What to produce
Please repeat, exactly as written, the line containing "LCBU Graduates applauding." and every line after it through the end of the records below.

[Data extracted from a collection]
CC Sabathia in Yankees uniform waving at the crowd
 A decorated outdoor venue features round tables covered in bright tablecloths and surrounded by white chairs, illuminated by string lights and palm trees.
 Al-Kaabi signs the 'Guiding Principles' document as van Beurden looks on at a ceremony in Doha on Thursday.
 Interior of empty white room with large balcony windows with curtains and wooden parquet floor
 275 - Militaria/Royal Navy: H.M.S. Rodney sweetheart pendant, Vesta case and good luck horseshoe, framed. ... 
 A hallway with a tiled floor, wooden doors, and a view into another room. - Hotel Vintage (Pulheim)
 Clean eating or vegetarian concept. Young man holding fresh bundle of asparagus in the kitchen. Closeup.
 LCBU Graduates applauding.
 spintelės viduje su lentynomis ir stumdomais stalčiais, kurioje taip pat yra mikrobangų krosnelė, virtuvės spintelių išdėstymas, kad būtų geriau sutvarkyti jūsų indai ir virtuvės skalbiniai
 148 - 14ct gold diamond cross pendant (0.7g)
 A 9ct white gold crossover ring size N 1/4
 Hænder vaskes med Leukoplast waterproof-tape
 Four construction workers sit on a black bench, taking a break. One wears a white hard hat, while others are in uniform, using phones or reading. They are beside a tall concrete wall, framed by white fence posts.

Response
 LCBU Graduates applauding.
 spintelės viduje su lentynomis ir stumdomais stalčiais, kurioje taip pat yra mikrobangų krosnelė, virtuvės spintelių išdėstymas, kad būtų geriau sutvarkyti jūsų indai ir virtuvės skalbiniai
 148 - 14ct gold diamond cross pendant (0.7g)
 A 9ct white gold crossover ring size N 1/4
 Hænder vaskes med Leukoplast waterproof-tape
 Four construction workers sit on a black bench, taking a break. One wears a white hard hat, while others are in uniform, using phones or reading. They are beside a tall concrete wall, framed by white fence posts.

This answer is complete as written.